Essa não é a primeira vez que as obras da família Cândido são expostas por lá. Algumas peças já integram o acervo do CNFCP desde os anos 1980, como recorda Guacira Waldeck. Em visita recente a Juazeiro do Norte, em março deste ano, a pesquisadora e o fotógrafo Francisco Moreira da Costa reuniram em três dias o material necessário para a mostra.

"Não é simplesmente colocar a obra pra ser contemplada, mas trazer um pouco esse outro mundo por meio dos textos e das fotos: como eles fazem pra coletar a matéria-prima, como é o lugar em que vivem", explica Guacira. E foi isso que chamou a atenção de dona Maria de Lourdes quando chegou ao Rio de Janeiro, na semana passada.

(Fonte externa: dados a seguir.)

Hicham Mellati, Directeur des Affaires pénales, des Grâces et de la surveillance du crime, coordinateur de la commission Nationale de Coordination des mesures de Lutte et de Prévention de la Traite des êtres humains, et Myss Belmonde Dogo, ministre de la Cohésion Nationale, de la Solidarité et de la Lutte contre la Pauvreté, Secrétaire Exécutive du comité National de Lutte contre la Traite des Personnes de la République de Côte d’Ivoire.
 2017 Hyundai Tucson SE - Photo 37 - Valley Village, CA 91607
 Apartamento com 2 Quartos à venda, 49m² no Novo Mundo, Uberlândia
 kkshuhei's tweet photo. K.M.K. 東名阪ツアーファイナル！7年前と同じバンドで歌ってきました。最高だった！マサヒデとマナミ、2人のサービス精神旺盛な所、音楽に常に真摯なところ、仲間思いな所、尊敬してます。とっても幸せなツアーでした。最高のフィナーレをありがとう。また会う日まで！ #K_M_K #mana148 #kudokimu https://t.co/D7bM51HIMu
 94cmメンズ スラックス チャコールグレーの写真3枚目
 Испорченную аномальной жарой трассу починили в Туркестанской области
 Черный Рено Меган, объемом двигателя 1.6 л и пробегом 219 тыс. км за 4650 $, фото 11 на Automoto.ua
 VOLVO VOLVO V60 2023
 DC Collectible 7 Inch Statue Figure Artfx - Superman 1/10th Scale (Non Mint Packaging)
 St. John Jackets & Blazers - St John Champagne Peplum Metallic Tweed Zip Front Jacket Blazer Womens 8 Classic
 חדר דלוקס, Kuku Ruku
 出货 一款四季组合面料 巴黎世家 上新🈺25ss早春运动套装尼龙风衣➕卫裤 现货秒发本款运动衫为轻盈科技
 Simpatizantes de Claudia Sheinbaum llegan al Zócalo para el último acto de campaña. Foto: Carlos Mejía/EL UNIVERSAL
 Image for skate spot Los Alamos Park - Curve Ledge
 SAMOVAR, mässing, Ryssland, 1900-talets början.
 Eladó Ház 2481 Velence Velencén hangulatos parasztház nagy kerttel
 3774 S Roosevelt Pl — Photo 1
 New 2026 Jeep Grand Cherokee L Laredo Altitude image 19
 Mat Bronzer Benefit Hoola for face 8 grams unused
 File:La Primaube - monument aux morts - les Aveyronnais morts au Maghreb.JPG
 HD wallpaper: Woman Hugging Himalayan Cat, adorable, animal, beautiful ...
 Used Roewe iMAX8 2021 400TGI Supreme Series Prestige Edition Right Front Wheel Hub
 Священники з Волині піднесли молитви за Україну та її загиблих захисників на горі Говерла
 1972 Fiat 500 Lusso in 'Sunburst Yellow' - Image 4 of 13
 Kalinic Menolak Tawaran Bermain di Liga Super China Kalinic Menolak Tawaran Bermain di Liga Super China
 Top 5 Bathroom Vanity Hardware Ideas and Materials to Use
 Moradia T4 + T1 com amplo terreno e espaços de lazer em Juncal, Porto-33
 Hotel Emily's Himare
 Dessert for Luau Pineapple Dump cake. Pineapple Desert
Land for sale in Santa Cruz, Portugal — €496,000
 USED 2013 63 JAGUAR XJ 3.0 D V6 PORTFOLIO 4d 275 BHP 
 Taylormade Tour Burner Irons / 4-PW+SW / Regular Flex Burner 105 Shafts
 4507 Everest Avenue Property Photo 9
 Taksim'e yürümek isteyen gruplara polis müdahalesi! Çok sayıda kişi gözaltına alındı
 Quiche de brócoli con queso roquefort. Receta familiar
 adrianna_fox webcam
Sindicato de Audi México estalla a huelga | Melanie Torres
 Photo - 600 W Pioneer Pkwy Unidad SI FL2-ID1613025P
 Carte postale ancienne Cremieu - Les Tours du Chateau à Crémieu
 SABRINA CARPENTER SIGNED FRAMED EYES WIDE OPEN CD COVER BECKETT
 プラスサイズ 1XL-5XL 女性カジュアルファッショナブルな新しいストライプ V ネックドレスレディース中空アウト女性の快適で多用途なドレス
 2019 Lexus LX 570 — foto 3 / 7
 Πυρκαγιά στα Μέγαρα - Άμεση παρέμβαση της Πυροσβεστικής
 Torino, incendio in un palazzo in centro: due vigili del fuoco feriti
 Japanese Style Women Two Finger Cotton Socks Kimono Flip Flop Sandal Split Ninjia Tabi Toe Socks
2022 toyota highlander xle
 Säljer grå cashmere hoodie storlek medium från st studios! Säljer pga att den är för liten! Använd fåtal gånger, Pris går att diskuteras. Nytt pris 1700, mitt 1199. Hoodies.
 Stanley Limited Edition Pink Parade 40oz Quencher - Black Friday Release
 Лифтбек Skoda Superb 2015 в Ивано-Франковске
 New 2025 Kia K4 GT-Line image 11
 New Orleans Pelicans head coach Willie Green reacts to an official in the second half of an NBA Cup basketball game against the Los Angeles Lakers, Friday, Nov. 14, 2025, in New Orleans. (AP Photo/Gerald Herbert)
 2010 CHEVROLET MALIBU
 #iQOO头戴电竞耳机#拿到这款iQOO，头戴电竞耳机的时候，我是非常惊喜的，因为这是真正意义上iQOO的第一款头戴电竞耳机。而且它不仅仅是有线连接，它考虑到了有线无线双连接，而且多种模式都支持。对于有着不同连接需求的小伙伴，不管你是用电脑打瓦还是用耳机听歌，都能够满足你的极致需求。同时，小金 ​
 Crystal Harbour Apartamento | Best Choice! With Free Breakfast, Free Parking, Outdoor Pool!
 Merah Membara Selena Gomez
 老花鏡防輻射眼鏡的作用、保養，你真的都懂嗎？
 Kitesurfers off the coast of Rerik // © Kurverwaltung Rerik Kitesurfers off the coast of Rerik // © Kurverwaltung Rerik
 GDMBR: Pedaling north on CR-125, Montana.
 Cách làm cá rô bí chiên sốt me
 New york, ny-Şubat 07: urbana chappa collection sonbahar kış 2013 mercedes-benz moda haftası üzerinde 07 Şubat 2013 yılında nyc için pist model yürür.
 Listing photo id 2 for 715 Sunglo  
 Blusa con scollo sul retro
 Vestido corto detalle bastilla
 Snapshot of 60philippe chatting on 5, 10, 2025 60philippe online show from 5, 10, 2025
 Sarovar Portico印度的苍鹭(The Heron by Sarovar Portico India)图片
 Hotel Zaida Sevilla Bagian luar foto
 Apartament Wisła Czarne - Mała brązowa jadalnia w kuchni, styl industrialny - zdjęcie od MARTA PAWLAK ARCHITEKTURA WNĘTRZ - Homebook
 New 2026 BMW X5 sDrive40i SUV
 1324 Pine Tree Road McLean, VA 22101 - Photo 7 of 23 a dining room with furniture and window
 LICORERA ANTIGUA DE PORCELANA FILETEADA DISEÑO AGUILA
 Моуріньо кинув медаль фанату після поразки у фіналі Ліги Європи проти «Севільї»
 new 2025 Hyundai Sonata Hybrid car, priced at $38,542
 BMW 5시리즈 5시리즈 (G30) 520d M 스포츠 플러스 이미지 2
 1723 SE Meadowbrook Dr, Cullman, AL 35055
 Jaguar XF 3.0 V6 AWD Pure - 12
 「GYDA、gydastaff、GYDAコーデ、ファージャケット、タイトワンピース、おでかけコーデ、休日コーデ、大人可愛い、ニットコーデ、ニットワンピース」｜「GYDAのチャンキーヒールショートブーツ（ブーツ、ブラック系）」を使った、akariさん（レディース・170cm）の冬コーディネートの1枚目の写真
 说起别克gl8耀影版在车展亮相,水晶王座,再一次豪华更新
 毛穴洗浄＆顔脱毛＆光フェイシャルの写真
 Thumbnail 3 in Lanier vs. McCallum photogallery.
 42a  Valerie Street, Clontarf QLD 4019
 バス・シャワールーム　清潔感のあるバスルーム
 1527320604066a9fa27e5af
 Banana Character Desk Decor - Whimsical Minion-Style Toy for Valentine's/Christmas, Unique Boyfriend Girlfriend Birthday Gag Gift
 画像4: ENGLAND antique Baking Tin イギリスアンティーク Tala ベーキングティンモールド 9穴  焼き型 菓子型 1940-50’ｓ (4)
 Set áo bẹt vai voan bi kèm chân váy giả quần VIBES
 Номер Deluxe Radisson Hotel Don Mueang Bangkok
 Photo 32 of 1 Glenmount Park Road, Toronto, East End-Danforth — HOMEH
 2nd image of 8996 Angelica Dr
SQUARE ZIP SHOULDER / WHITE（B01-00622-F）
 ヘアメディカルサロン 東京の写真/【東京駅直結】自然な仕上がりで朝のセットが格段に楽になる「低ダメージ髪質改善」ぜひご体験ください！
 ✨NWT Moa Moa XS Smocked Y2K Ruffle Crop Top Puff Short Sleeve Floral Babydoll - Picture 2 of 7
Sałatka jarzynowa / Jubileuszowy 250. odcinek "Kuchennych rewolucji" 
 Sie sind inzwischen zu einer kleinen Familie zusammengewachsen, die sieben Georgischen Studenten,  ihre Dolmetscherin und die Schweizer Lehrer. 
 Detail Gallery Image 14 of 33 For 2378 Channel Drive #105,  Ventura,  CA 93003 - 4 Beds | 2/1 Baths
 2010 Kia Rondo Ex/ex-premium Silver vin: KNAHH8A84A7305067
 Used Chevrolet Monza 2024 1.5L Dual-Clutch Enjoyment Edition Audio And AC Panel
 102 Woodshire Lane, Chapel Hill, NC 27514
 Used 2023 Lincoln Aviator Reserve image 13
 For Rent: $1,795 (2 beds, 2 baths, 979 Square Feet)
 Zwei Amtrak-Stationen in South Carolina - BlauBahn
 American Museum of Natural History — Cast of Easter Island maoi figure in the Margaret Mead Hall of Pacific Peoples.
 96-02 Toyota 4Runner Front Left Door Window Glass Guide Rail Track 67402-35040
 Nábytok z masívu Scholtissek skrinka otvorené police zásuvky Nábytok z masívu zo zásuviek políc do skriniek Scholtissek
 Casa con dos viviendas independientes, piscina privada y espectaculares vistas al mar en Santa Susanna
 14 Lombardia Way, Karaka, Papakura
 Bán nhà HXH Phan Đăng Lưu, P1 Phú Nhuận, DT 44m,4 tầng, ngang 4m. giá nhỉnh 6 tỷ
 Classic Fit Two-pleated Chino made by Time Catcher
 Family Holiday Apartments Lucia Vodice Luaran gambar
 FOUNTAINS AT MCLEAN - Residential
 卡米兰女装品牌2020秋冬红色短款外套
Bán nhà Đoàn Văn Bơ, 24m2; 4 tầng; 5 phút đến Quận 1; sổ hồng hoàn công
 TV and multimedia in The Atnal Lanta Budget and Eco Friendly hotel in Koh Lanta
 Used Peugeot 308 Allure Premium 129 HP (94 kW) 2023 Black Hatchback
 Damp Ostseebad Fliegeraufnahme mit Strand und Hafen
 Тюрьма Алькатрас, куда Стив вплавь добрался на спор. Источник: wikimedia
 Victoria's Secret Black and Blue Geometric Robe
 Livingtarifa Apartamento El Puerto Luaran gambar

Legenda: Lambe-lambe produzido pela artesã Maria do Socorro Cândido
Foto: FOTO: FRANCISCO MOREIRA DA COSTA/CNFCP

Na abertura da exposição foi tudo muito lindo. Não esperava chegar e encontrar daquela forma. Aqui a gente bota na parede, mas não sabe decorar direito. Eles botam bem legal, é muito interessante, num espaço grande, muito bonito",

descreve a artesã, que também aproveitou a viagem para passear com a filha Maria das Dores. "Fui no Pão de Açúcar, na Praia de Copacabana, tudo lindo, minha filha!", conta entre risos.

Em poucos dias, todas as peças expostas foram vendidas, motivo de comemoração para a família, que receberá o valor correspondente. Num ritmo próprio, as Marias se preparam para enviar mais algumas obras para a loja do CNFCP. Enquanto, por aqui, a Secretaria de Cultura de Juazeiro do Norte, parceira da Associação de Amigos do Museu de Folclore Edison Carneiro na realização dessa mostra, também se organiza para promover exposição semelhante no Cariri, no segundo semestre do ano.

Legenda: Detalhes da mostra em cartaz no Rio de Janeiro que reúne obras da família Cândido
Foto: FOTO: DANIEL REIS - ACERVO CNFCP-IPHAN

Mais Ceará no Rio

A arte cearense já esteve exposta na Sala do Artista Popular, criada em 1983 com o intuito de servir como espaço de difusão de expressões culturais dessa natureza. Confira:

1984: Artistas de Juazeiro do Norte. Pesquisa e texto: Elizabeth Travassos

2010: Garrafas que guardam símbolos e sonhos: a arte em areia colorida de Majorlândia. Pesquisa e texto: César Baía

2011: Rendas nas terras de Canaan. Pesquisa e texto: Guacira Waldeck

2012: Espedito Seleiro: da sela à passarela. Pesquisa e texto: Guacira Waldeck

2016: Cerâmica tradicional de Cascavel. Pesquisa e texto: Carla Arouca Belas

2017/2018: Francisco Graciano - Arte e Vida. Pesquisa e texto: Guacira Waldeck

Serviço

Exposição "Maria de Lourdes Candido - Álbum de Família". Em cartaz até o dia 7 de julho, no Centro Nacional de Folclore e Cultura Popular (Rua do Catete, 179 - Glória, Rio de Janeiro). Visitação: De terça-feira a sexta-feira, das 11h às 18h. Sábados, domingos e feriados, das 15h às 18h. Entrada gratuita.